Okay you piqued my interest... "bad monetary policy" usually means we should be on the gold standard, but I've never heard that before as a solution for student loans. What are you proposing is the monetary fix?
not OP, but taking a stab, since I agree with their assessment:
bad monetary policy, in regards to student loans, means subsidizing them in two ways (at least):
1. paying the difference in interest rate compared to going to a regular bank.

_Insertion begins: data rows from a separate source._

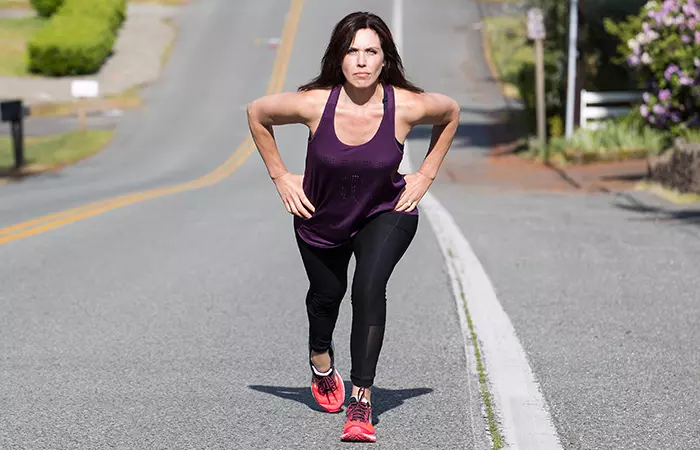 Woman doing walking lunges to strengthen her quads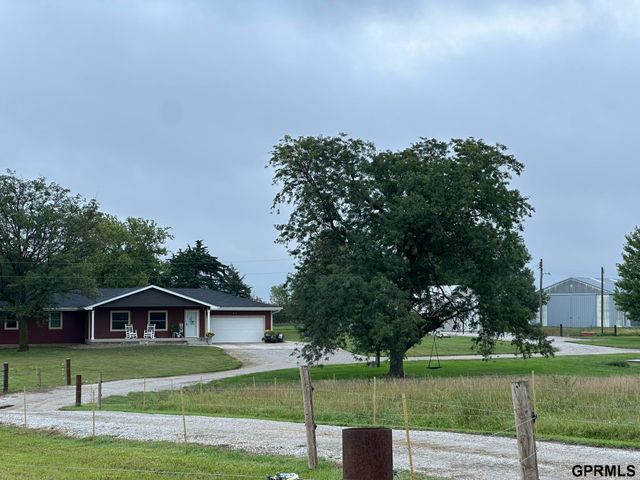 1042 County Road 1900 Road, Crete, NE 68333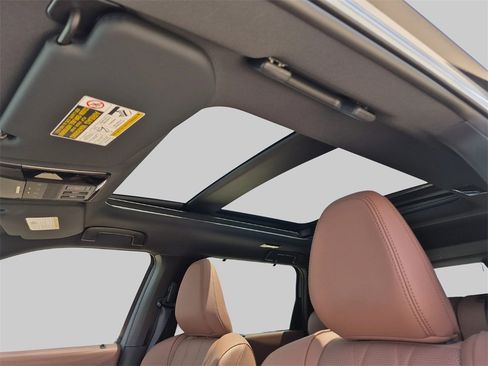 New 2025 Mitsubishi Outlander SEL image 11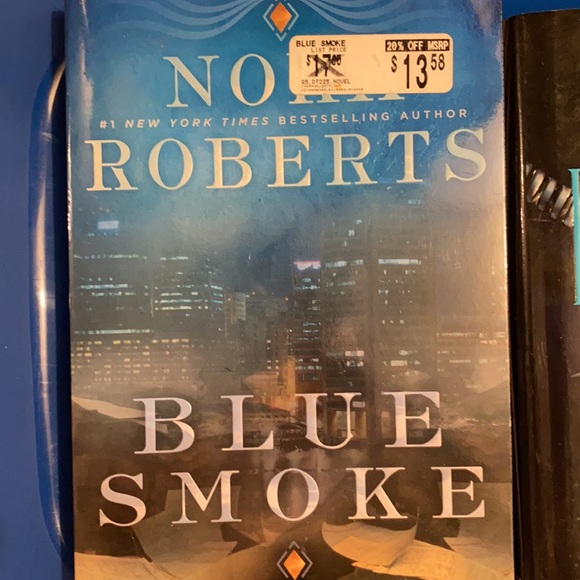 Too hard cover books by Nora Roberts - Picture 2 of 3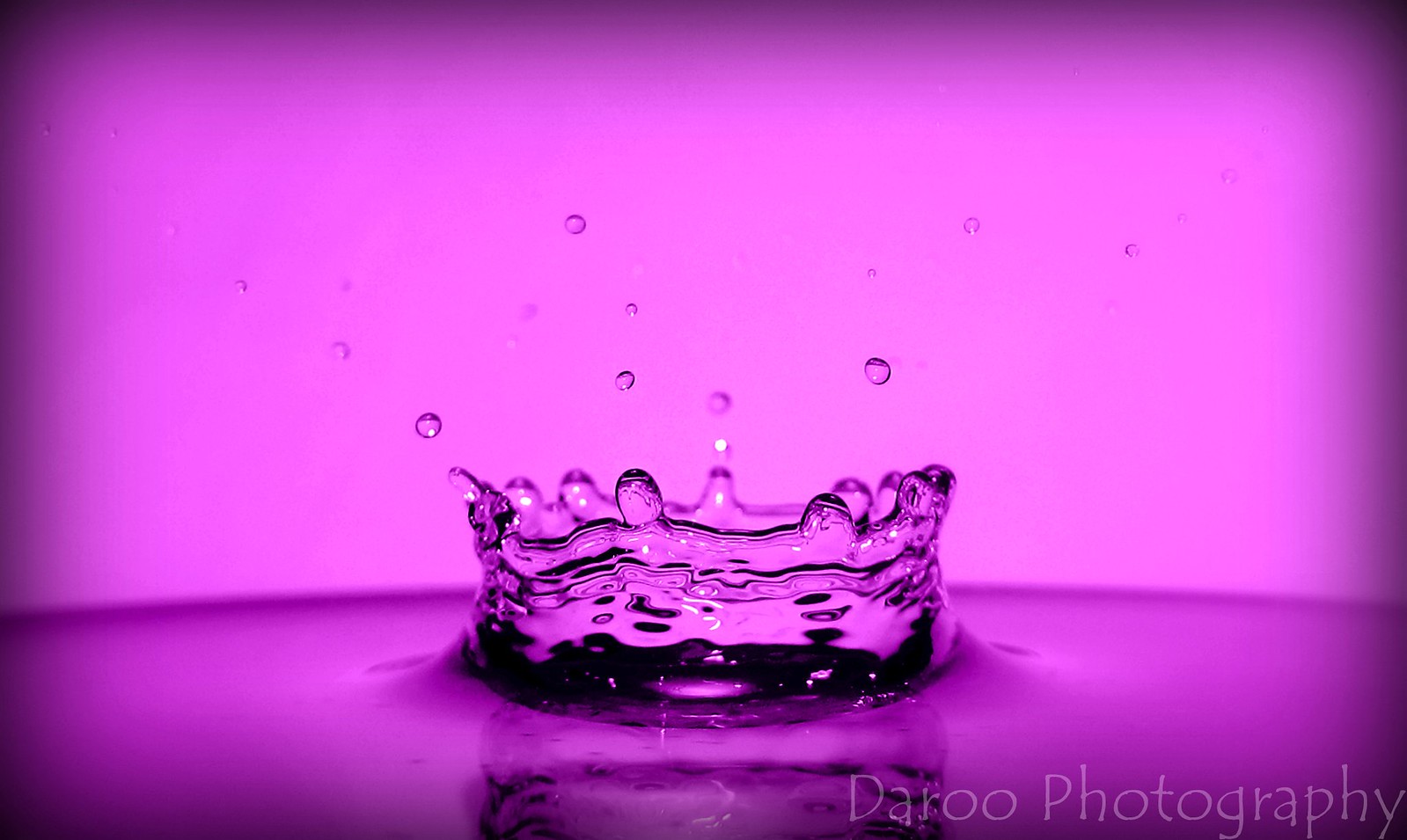 Фиолетовая вода почему. Фиолетовая вода. Фиолетовая жидкость. Стакан воды на фиолетовом фоне. Фиолетово розовая жидкость.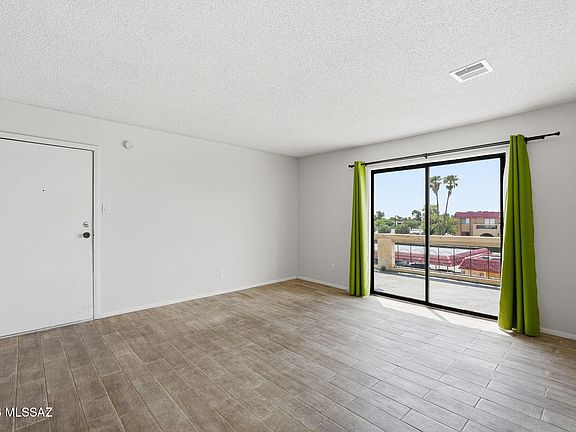 4th image of 6341 N Barcelona Ct #Court809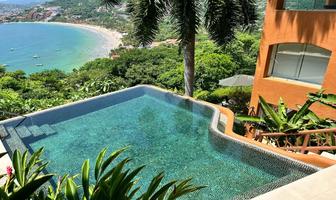 Foto de inmueble en Escenica la Ropa, Col. La Ropa C.P. 40895, Zihuatanejo de Azueta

I can get student loans w/3% interest, but a bank wouldn't give me that money for less than 7%.
2. Making it illegal to disperse student loans in bankruptcy.
Both of these are monetary policy decisions that "hide" risk.
The higher interest rate is to compensate for the riskiness of the loan, while making loans illegal to disperse is the gov't response to the risk.
both of these will hide increasingly large amount of risks, where everything looks like its going fine, until it will all fail, catastrophically.
The politicians will claim no one could have seen it coming, but if they'd not allowed the risk to be so hidden, they'd have seen the institution crumbling decades before.
Good monetary policy would be the fed doing NGDP level targeting a la Scott Sumner: https://www.mercatus.org/system/files/NGDP_Sumner_v-10%20cop...
Monetary policy only goes so far though, if you actually want to distribute resources in an equitable way, you probably also need good tax policy.
Good tax policy would be taxes which decrease wealth inequality (e.g. luxury consumption taxes, land value taxes).